* [Provided records]:
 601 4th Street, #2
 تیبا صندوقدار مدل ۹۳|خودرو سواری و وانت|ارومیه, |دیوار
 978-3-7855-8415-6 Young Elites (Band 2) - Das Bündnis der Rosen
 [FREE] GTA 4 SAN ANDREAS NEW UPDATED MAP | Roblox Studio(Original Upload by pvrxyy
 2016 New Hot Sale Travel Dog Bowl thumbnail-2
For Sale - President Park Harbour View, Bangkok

==

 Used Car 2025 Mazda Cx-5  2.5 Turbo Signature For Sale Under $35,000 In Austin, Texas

* [What you should do]:
In the listing above, the lines from the one containing "2016 New Hot" through the one containing "For Sale - President" must be set down exactly, with no other lines.

* [Answer to this problem]:
 2016 New Hot Sale Travel Dog Bowl thumbnail-2
For Sale - President Park Harbour View, Bangkok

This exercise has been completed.